Graphics processing units (GPUs) are the computational lifeblood of three largely non-overlapping solution segments: artificial intelligence (AI), gaming, and cryptocurrencies.

What happens if demand in one of those segments surges and totally consumes the available GPU supply? Clearly, basic economics demonstrates that the price of GPUs in all segments will skyrocket. To the extent that feasible GPUs substitutes exist in any of the segments, those will become more attractive. To the extent that alternatives become entrenched in those other segments during those windows of time, the underlying demand for GPUs in those segments may never return to presurge levels.

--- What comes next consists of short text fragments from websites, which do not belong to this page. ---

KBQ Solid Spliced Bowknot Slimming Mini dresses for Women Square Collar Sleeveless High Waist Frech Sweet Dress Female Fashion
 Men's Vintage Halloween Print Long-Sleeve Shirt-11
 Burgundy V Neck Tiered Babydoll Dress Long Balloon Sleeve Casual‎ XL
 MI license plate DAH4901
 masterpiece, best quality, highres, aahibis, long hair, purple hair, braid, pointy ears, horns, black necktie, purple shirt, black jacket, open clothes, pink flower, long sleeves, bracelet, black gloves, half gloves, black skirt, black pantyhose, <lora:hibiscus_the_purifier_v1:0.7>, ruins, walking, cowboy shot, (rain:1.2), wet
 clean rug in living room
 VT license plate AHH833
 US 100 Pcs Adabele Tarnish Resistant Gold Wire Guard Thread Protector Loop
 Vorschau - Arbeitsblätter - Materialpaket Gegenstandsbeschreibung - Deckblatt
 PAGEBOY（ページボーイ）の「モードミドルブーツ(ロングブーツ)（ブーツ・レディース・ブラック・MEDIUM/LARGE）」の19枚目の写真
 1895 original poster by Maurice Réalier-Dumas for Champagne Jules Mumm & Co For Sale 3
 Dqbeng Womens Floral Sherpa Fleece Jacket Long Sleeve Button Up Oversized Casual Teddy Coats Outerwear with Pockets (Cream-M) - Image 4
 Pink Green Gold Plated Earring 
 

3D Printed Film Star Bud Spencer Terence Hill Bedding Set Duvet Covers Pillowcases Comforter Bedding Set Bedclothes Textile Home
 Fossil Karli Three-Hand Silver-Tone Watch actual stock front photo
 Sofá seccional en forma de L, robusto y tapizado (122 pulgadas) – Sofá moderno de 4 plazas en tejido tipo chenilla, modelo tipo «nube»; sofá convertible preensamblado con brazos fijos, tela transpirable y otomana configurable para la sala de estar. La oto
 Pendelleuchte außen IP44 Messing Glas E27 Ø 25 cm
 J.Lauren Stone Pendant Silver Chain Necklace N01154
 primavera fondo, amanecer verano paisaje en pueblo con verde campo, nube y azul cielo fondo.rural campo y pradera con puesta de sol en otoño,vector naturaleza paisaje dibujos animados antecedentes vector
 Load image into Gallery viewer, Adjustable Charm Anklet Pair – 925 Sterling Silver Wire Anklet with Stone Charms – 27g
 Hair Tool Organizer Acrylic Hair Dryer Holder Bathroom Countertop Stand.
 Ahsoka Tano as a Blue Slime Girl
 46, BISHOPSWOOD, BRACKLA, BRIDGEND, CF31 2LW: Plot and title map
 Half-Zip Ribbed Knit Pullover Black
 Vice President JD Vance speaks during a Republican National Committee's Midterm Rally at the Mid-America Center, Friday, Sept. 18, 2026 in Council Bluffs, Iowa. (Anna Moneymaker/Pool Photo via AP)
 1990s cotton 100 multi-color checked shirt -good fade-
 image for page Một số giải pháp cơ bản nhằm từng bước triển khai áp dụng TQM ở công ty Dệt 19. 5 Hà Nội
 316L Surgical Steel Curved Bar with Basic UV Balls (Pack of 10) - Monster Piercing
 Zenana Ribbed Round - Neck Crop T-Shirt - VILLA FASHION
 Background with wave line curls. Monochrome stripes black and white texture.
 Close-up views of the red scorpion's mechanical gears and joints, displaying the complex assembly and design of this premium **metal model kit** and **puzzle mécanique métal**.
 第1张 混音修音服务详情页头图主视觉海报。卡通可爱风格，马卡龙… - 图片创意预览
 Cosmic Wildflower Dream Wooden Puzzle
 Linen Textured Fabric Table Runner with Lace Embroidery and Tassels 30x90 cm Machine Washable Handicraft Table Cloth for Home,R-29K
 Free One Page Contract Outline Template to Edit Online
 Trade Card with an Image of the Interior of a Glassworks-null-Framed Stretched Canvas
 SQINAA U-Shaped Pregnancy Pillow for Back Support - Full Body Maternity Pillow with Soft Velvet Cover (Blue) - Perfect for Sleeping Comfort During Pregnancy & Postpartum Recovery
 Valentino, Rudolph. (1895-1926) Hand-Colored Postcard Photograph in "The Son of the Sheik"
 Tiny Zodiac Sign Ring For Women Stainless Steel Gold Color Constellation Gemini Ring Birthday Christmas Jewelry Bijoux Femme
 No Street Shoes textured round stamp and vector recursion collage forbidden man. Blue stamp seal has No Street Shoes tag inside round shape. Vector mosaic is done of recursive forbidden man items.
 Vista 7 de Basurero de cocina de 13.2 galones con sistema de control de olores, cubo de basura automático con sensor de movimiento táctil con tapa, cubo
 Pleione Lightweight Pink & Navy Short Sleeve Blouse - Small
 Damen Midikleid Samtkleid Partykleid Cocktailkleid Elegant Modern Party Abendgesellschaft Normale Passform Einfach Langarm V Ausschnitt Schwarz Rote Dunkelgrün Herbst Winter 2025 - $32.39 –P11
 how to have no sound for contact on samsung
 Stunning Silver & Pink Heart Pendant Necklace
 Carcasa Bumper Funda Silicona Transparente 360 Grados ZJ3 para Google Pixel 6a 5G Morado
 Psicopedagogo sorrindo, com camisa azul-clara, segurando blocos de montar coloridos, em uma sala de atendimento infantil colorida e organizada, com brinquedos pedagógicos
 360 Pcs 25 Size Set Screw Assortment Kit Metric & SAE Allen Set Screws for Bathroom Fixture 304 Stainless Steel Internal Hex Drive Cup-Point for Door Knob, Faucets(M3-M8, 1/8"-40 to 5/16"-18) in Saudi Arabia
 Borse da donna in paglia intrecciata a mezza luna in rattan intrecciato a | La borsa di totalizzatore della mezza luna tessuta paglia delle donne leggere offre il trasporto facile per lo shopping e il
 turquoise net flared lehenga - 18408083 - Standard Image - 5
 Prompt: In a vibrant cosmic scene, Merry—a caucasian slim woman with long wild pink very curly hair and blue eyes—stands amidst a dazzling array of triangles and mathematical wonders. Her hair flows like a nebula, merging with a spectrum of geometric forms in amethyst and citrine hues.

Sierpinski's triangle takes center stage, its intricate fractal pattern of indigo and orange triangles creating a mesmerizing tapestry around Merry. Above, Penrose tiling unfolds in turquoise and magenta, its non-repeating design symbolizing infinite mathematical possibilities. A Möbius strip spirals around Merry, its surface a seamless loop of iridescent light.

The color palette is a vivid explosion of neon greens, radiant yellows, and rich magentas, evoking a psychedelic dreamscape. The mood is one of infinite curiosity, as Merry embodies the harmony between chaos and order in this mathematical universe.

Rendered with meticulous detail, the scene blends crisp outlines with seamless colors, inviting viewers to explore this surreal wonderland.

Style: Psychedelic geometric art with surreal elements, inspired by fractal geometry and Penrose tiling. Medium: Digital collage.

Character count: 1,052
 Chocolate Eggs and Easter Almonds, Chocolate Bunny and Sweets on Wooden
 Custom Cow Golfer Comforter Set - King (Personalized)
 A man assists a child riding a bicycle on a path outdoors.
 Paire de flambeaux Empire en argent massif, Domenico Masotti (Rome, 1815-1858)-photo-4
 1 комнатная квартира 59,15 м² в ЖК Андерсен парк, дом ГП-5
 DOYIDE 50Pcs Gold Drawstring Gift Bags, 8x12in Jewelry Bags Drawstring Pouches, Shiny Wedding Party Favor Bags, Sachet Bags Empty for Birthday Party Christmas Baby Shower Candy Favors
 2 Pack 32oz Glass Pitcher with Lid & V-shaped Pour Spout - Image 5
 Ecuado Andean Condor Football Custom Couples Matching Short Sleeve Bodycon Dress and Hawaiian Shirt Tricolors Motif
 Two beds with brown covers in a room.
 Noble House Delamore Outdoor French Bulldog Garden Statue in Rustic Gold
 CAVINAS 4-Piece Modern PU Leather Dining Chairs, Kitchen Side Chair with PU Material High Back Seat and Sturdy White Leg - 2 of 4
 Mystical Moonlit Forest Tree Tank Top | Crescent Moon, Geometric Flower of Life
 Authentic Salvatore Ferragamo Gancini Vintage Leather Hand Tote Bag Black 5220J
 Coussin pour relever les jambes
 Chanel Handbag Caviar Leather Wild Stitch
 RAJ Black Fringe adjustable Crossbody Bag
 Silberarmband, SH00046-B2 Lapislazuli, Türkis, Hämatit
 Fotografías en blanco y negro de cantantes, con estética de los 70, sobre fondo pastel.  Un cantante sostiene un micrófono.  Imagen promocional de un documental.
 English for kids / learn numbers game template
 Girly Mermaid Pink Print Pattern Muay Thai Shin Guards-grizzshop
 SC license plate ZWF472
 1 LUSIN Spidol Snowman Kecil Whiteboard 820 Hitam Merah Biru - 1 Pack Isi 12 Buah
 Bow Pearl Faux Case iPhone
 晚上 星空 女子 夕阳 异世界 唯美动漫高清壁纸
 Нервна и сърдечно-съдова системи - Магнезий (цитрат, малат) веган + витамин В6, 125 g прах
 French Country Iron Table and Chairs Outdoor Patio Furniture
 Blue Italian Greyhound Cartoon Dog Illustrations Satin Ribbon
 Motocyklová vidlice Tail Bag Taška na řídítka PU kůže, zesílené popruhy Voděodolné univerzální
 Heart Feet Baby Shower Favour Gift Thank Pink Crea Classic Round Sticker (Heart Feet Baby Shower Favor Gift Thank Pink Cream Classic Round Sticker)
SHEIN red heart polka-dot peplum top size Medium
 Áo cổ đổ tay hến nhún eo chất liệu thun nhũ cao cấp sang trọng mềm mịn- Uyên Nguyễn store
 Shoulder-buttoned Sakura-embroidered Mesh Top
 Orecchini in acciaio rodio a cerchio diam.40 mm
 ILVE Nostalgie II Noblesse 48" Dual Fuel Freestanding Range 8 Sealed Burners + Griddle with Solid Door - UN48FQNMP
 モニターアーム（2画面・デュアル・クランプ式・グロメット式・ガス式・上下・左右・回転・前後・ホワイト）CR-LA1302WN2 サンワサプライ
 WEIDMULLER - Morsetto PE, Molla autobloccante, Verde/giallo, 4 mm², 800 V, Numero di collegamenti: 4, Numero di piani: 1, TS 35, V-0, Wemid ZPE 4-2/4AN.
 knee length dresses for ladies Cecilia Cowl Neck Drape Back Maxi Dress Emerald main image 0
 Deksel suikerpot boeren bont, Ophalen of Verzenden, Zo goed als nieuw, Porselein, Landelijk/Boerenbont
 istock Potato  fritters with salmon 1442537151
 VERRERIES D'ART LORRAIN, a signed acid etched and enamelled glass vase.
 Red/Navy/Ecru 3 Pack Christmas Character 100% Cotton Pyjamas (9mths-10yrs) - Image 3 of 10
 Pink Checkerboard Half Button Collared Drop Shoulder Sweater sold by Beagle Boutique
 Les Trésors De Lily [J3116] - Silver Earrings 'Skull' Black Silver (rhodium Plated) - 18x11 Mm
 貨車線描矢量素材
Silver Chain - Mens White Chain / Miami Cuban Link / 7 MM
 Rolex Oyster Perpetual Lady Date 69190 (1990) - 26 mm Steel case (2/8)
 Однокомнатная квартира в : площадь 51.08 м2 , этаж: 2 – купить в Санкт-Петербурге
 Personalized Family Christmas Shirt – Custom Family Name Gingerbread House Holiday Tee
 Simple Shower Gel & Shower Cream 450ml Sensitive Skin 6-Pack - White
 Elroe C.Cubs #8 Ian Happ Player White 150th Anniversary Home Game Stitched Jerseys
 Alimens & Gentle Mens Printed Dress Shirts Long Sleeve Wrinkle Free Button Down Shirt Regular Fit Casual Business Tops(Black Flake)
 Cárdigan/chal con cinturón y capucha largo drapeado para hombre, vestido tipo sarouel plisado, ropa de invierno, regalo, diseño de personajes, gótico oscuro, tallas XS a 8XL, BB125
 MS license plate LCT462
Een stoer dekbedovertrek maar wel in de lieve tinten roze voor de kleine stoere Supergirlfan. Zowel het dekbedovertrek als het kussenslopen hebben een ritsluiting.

As the cryptocurrency mania has mounted over the past year, the GPU market has been racing as fast as possible to supply miners with the hardware they need to solve the requisite crypto problems. As this article notes, Nvidia has been one of the prime beneficiaries in the boom of GPU sales over the past couple of years to address insatiable demand among cryptocurrency miners. However, ongoing volatility in the underlying demand for cryptocurrencies may have caught up with the GPU market, causing many observers to predict that miners will sharply throttle back their demand for the hardware.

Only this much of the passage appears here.